Pendant longtemps, l’Italie a été perçue comme une périphérie de l’innovation européenne. Peu identifiée comme un terrain naturel pour les investisseurs en capital-risque, encore moins comme une source régulière de scale-ups technologiques. Pourtant, les lignes bougent.
Le dernier rapport semestriel de Growth Capital et Italian Tech Alliance sur le capital-risque en Italie en atteste : un écosystème se structure, se stabilise, et s’ouvre progressivement à l’Europe.
Une dynamique soutenue, même sans méga-tours
Au premier semestre 2025, 210 opérations ont été recensées pour 545 M€ investis, un niveau conforme aux moyennes de 2023 et 2024, malgré l’absence de méga-tours. L’activité reste concentrée sur les premiers stades – pré-seed, seed et bridge – qui représentent 60 % des montants levés. Mais les séries A prennent désormais une place centrale, avec 29 levées représentant 222 M€, soit plus de 40 % des montants investis. Leur taille moyenne continue de croître, preuve d’une montée en puissance structurée du marché early stage italien.
Dans un climat européen encore fragile, cette stabilité relative interpelle.
Des secteurs profonds, alignés sur les grands enjeux continentaux
Ce qui distingue l’Italie n’est pas une course au volume, mais une concentration sur des verticales à fort enjeu : Life Sciences, Deeptech, FinTech, Smart City. Des secteurs critiques, souvent moins médiatisés, mais porteurs de vraies opportunités de croissance durable.

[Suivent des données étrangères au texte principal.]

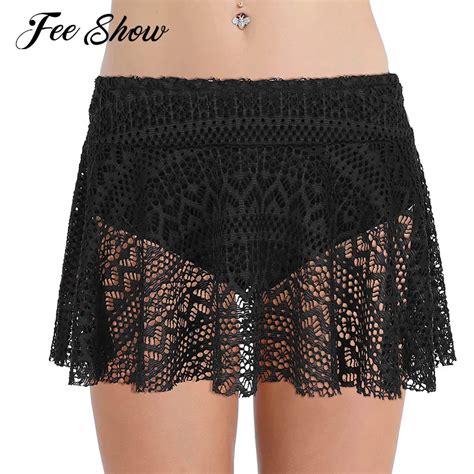 Womens Mid Waist Beach Swimming Crochet Lace Bikini Swim Skirt With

Bien que souvent en dessous des radars internationaux du fait de leur taille, les deals présentent un contenu technologique et un ancrage industriel qui en font des cibles crédibles pour les investisseurs paneuropéens.
Une ouverture institutionnelle assumée… et stratégique
Cette dynamique n’aurait pas émergé sans un cadre public structurant. CDP Venture Capital, l’équivalent italien de Bpifrance, joue un rôle moteur dans cette transformation. À travers ses fonds régionaux, thématiques et internationaux, CDP a apporté lisibilité, confiance et capital au marché.

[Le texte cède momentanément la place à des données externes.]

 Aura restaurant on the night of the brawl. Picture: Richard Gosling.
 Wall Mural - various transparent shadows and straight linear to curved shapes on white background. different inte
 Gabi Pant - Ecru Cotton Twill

Le programme FoF Internazionale incarne cette stratégie d’ouverture. Il vise explicitement à attirer des fonds européens pour accompagner les scale-ups italiennes dans leur développement. Plusieurs investisseurs transfrontaliers, notamment français, y ont déjà répondu, séduits par un cadre concret et de bonnes conditions de co-investissement.
Un climat en demi-teinte, mais des opportunités à saisir maintenant
Pourtant, le VC Index, baromètre semestriel du marché, reflète une ambivalence. ll s’établit à 4,8 en juin 2025, en repli par rapport à son pic de décembre dernier (5,6). Les indicateurs quantitatifs restent solides — taille des tours, présence d’investisseurs internationaux — mais le sentiment général se détériore.

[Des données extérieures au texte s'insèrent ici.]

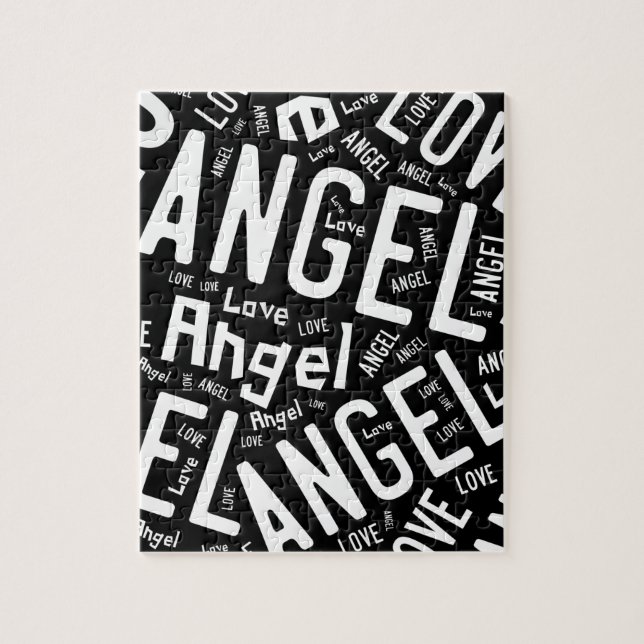 Angel Love Dove, White on Black Jigsaw Puzzle (Vertical)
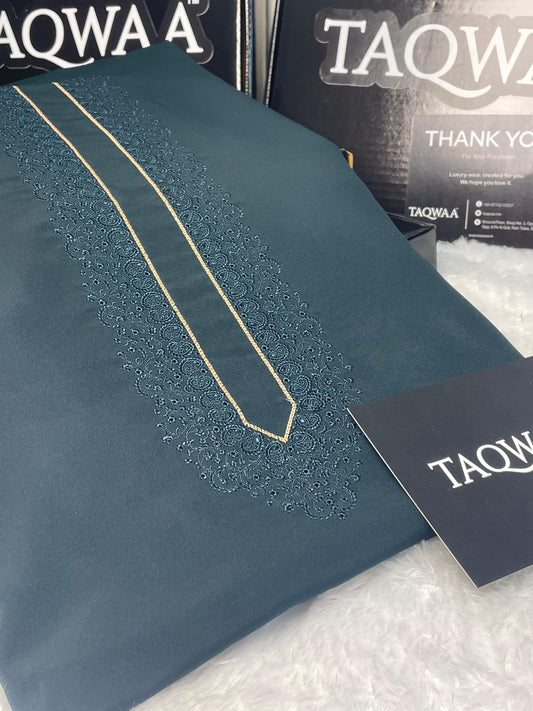 Men Tone-to-Tone Embroidered – Unstitched Fabric – Bottle Green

Les startups comme les investisseurs anticipent un allongement des délais de levée, une pression accrue sur les valorisations, et une faible probabilité d’exit à court terme. Une prudence cohérente avec le climat global européen, mais qui ne remet pas en cause les fondamentaux du marché italien : un dealflow actif, des thèses sectorielles cohérentes, une architecture institutionnelle claire. Et surtout : les portes sont ouvertes. Les fonds européens, notamment ceux à la recherche de nouveaux relais de croissance, ont tout intérêt à s’y intéresser aujourd’hui.
L’Italie n’est plus une exception à la carte VC européenne, elle est une extension logique, pour qui pense l’investissement comme un projet continental.